Oggi a scuola…

Nello sguardo di questa bambina mi sono ritrovata. Le somiglio, l’ho sempre pensato. Oggi lo credo. Il tempo delle elementari per me è stato un tempo scuro. Non facevo i compiti, inventavo scuse, piangevo, non volevo andare a scuola, non sapevo scrivere, leggere, contare bene come tante altre bambine della mia classe. Ero timida, piccola, silenziosa. Ero prigioniera di ansie e lacrime. Ho fatto venire i capelli bianchi alla mamma, non le ho mai dato una soddisfazione, e ha pianto per me. Le altre mamme erano fiere delle loro figlie brave e volenterose, se ne vantavano. Lei non poteva farlo.

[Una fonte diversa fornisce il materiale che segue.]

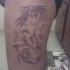 Tatuaggio semplice la sirena nuda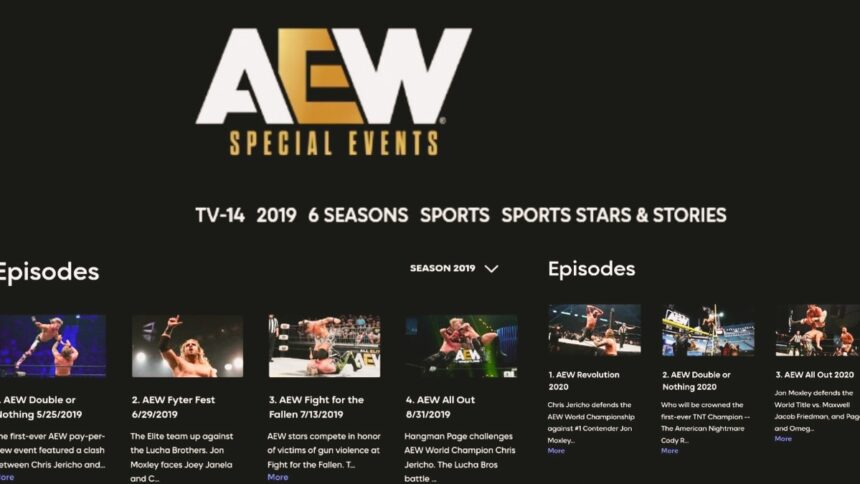 AEW extends HBO Max library using PPV from 2019-2024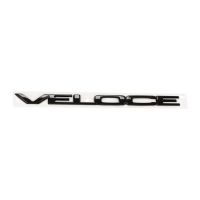 "Veloce" emblem on the back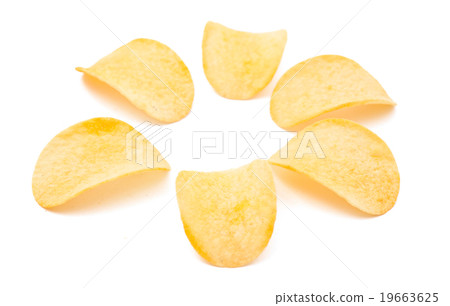 chips isolated 19663625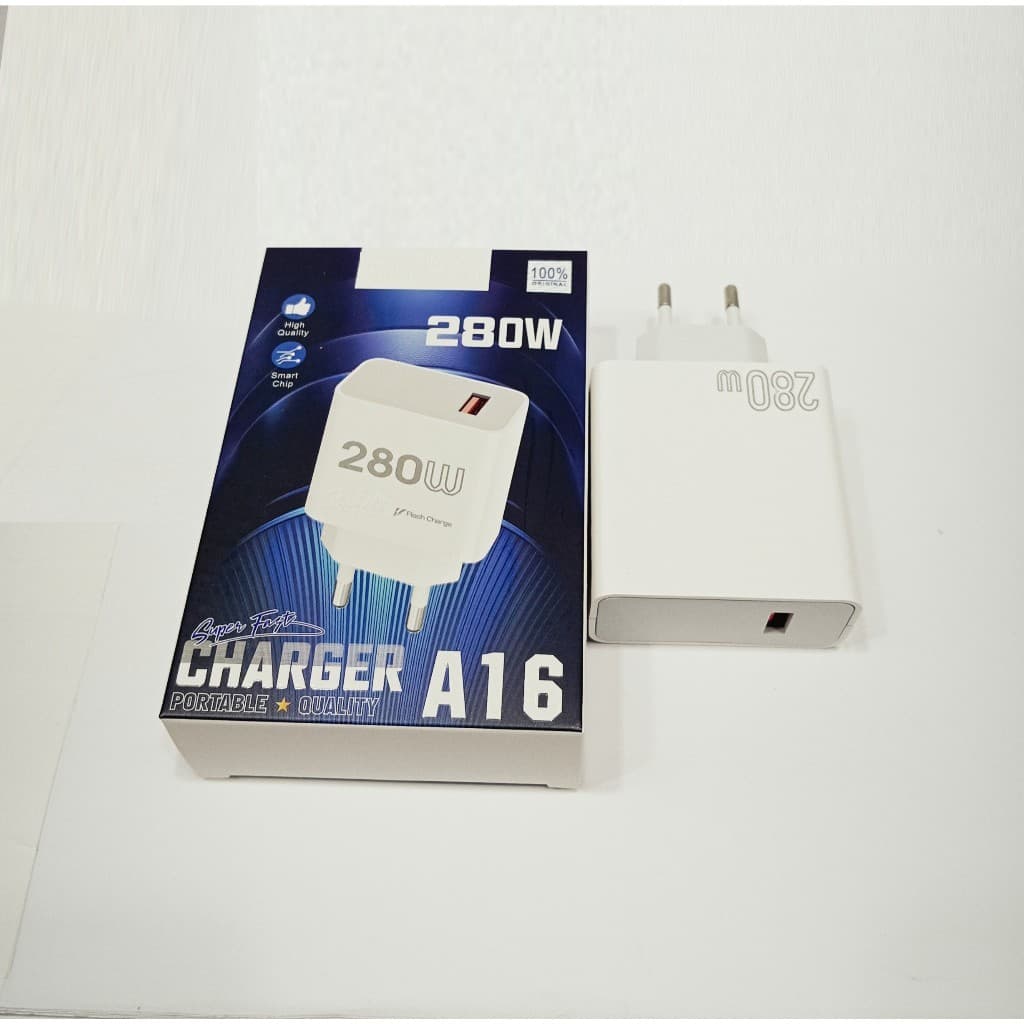 Batok Adapter For SMSNG A16 Super Fast Charger 280W Batok Kepala Casan HP Universal Fast Chargging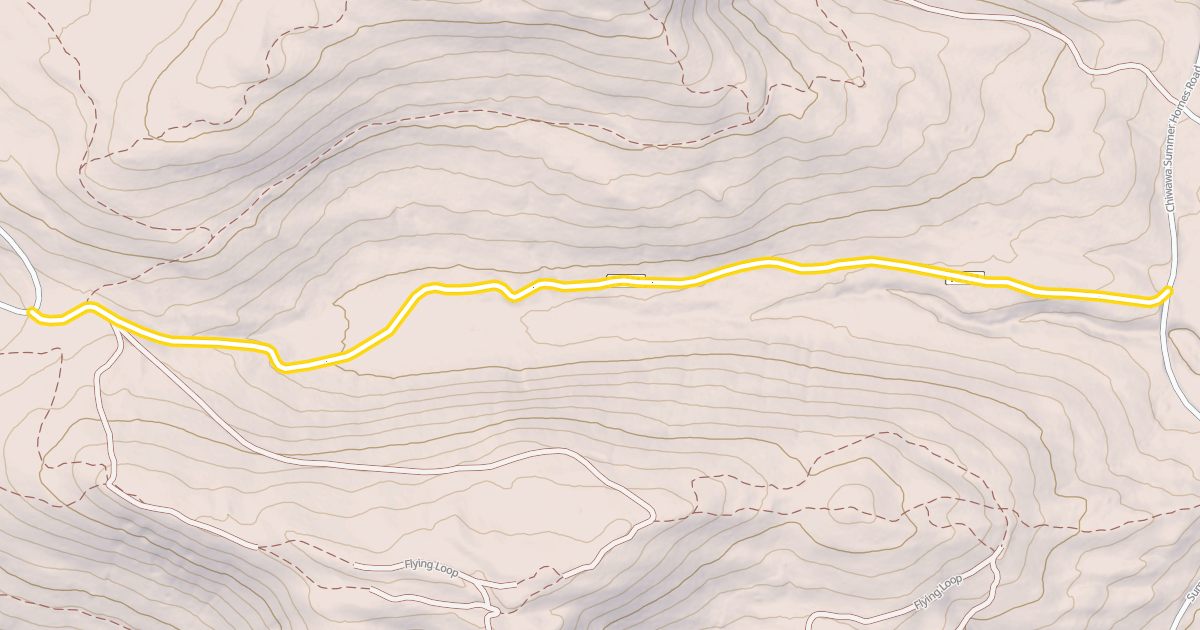 Map preview of Forest Road 6120-111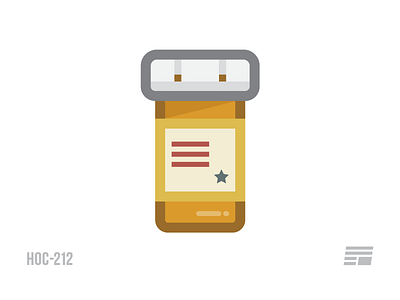 HOC-212 design house of cards illustration medicine pictogram pills thick lines vector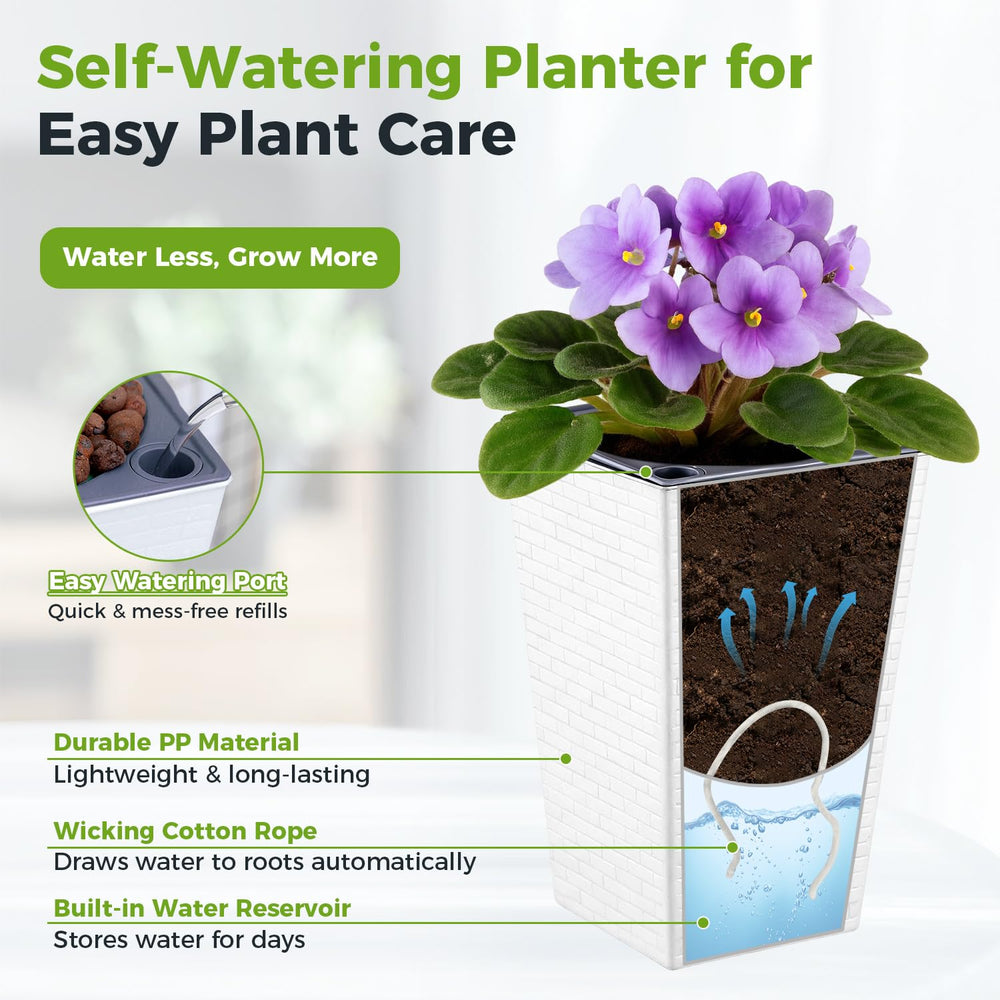 Planterhoma close-up of 3D textured surface adding decorative appeal and grip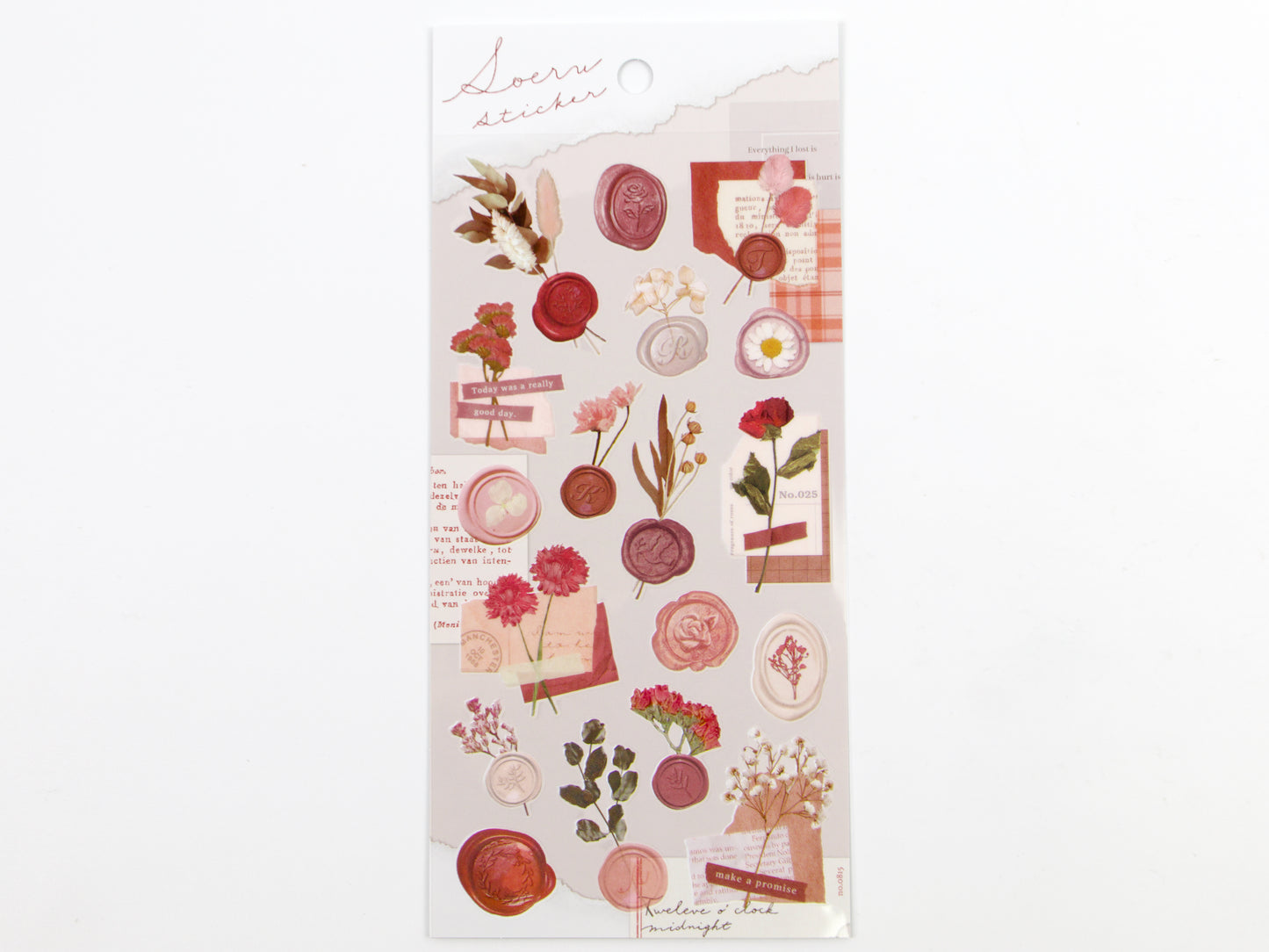 Pegatinas florales con sellos de cera Mind Wave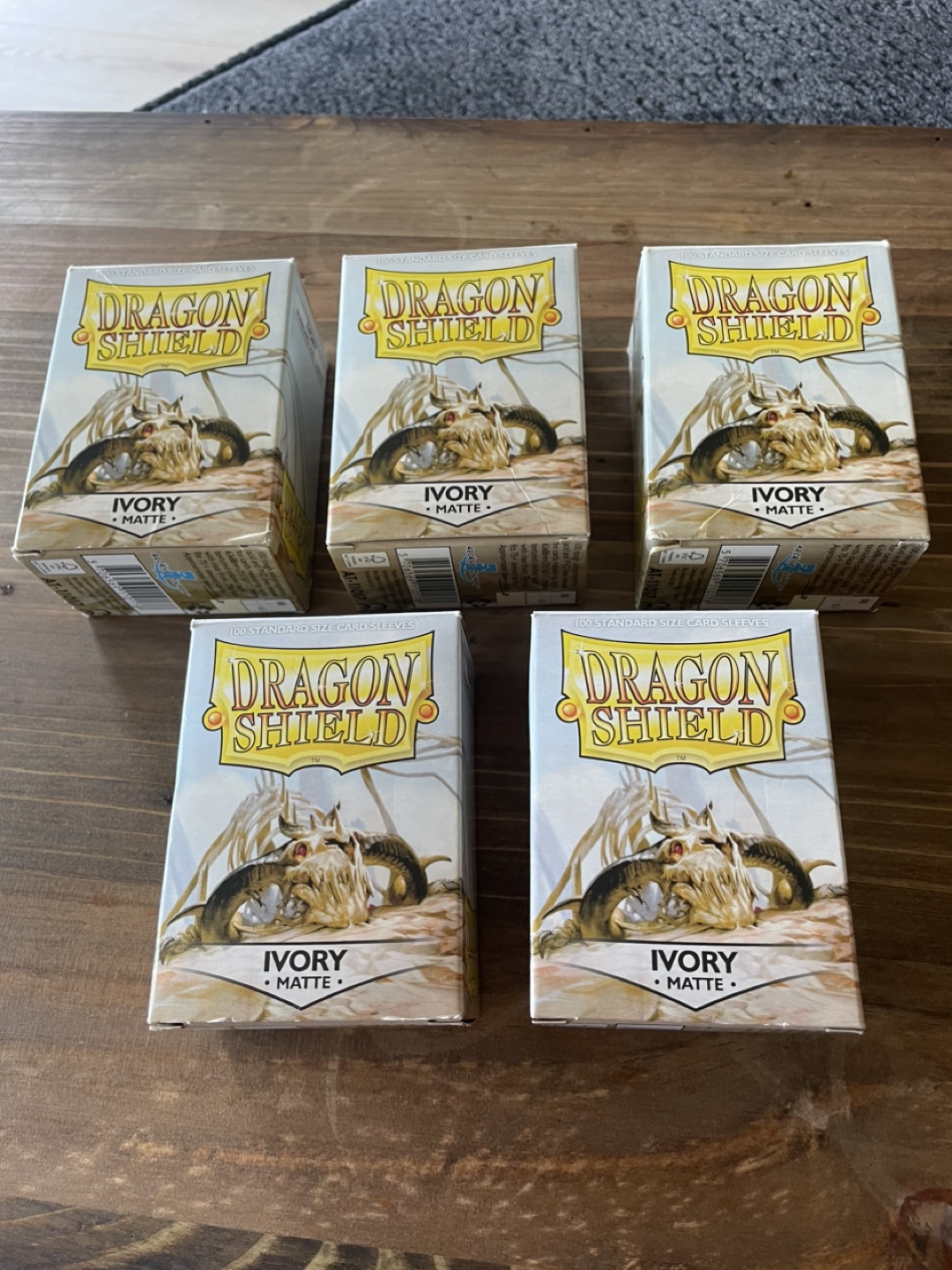 Dragon Shield Ivory Matte Standard Size Card Sleeves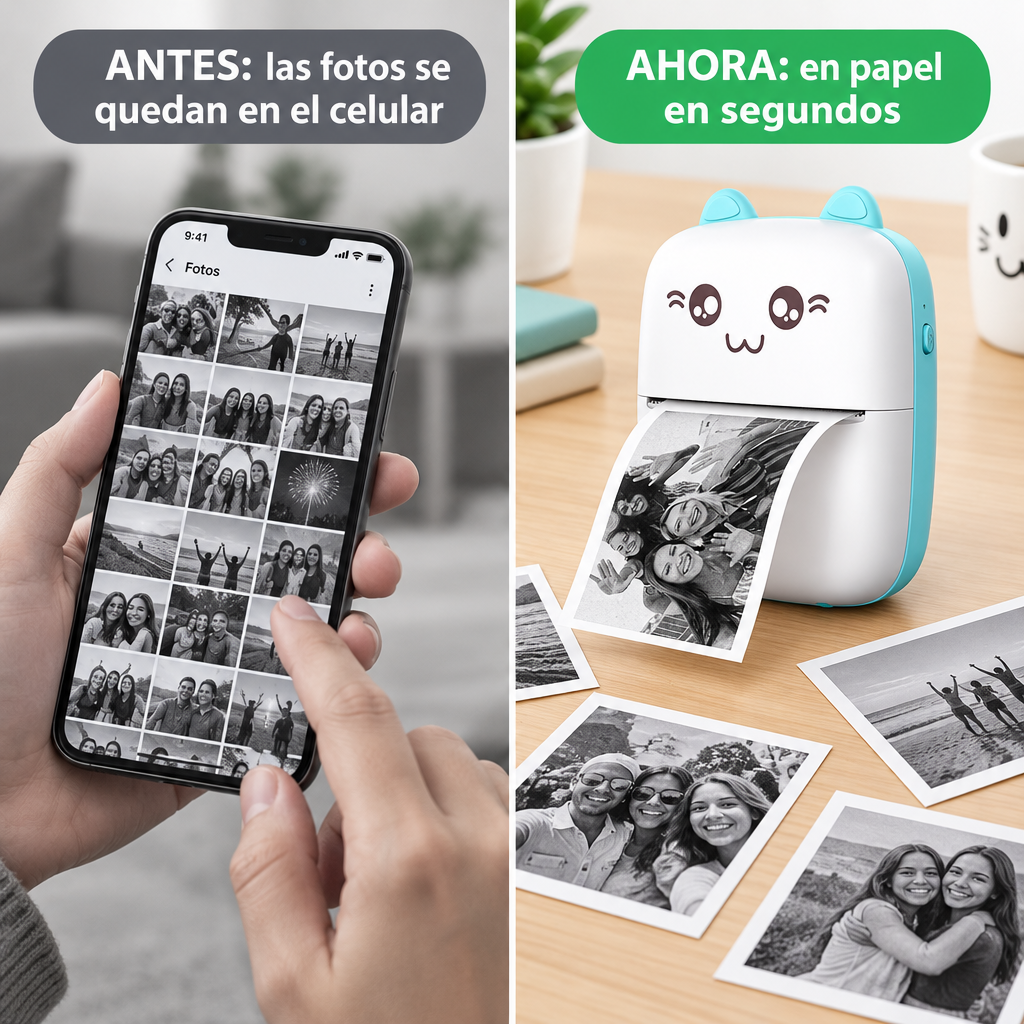 Antes las fotos en el celular, ahora en papel
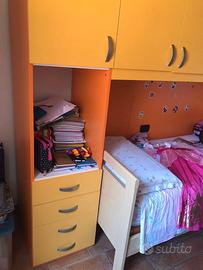 Armadio ponte bambina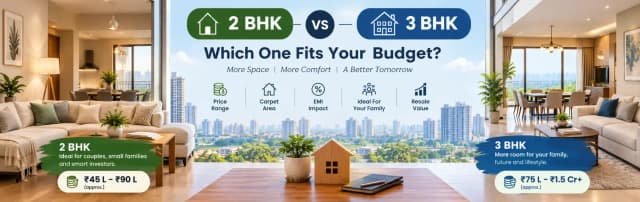2 BHK versus 3 BHK Flats in Noida: Which One Is Better for Your Budget?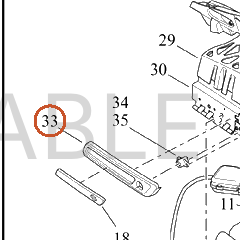 Harley-Davidson Latch, S-Bag, Faceplate, Lh, Sld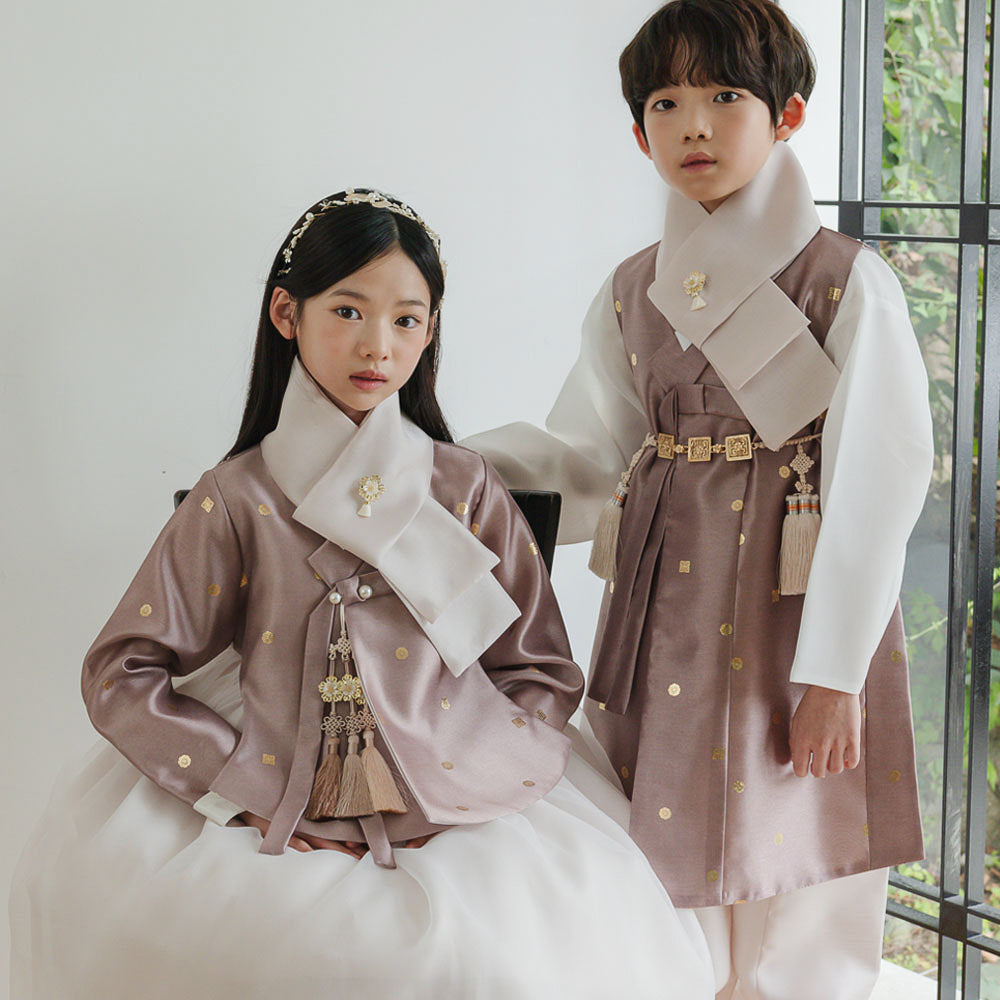 Dohye Flared Brown Girl Hanbok (1-12YR)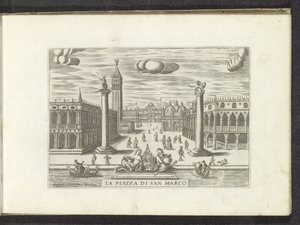 Ansicht der Piazzetta in Venedig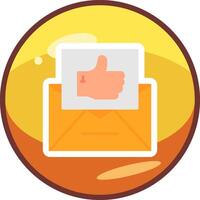 correo electrónico me gusta vecto icono vector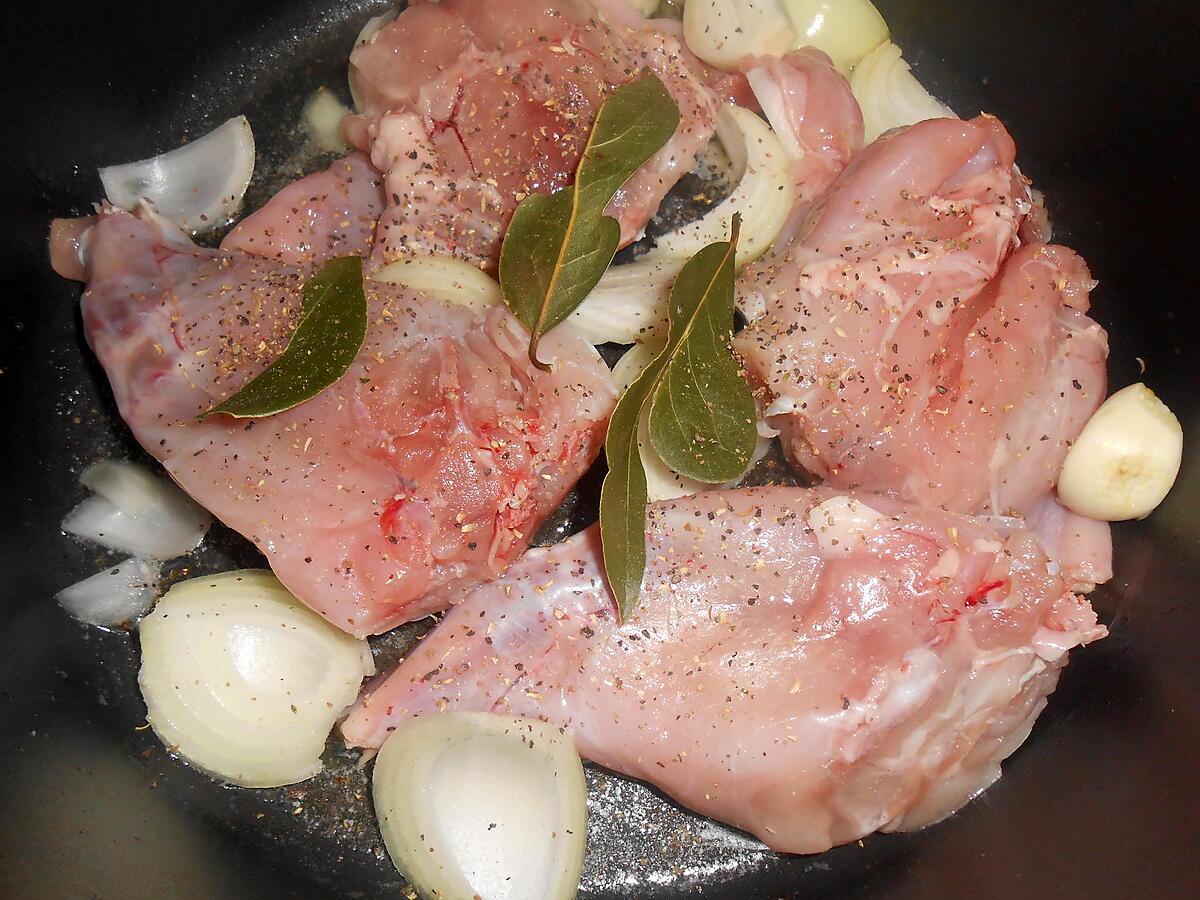 recette LAPIN COCOTTE AU JUS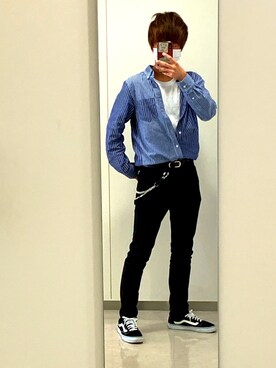 タネムーさん（メンズ・170cm）の春コーディネート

La scuola è il luogo e il tempo prezioso per i bambini e le loro famiglie. È vita, io l’ho scoperto pian piano. Ho incontrato un professore, in prima media. Ricordo il primo tema che ci assegnò, e che dopo qualche giorno ci riconsegnò. Guardai il voto, un ottimo. Cambiò tutto in me. Gli era bastato poco per capire che ero fragile, ma combattevo, volevo vincere contro l’inettitudine che mi si era cucita addosso. Il mio professore non c’è più. Oggi, se fosse stato ancora qui, lo avrei chiamato. Gli avrei detto grazie, per la fiducia che ha avuto in me, che ha cambiato non i miei voti, ma il mio cuore che scappava da un dolore per aver perso un pezzo di sé, il mio cuore che nessuno era stato capace di ascoltare. Ci sono giorni che vengono a dirci che quello che abbiamo vissuto, ogni sofferenza, ogni dolore, può essere consolato e trovare un senso. Ora sto a scuola, faccio la maestra, e da qualche giorno mi viene da cambiarlo quel verbo, mi viene da dire che sono una maestra, col rischio di peccare di presunzione. Ora ritrovo un tempo che non ho potuto godere da bambina. Faccio un bel respiro, mi chiedo se sono in grado di stare lì. Forse no, ma quella bambina, quella intimorita e incapace, torna e la accarezzo in ogni carezza che passo sulla testa dei bimbi, e la ascolto ogni volta che ascolto un bambino dirmi che non ha capito o ha dimenticato un libro a casa. E penso ai miei, al loro dolore per quella figlia incomprensibile. Forse se potessero entrare, una mattina, capirebbero che tutto, tutto doveva andare così ed è passato. Ci ho messo troppo forse, ma ogni gradino, ogni passo, è stato prezioso. Ero a un corso di formazione oggi, e ho pianto ascoltando un’esperienza in cui mi sono riconosciuta. Ed è tornata l’immagine di questa bambina speciale, come ogni bambino. E volevo condividerla questa storia. E forse non ci sono riuscita perché scrivere di qualcosa di personale è difficile. Però, ecco qua.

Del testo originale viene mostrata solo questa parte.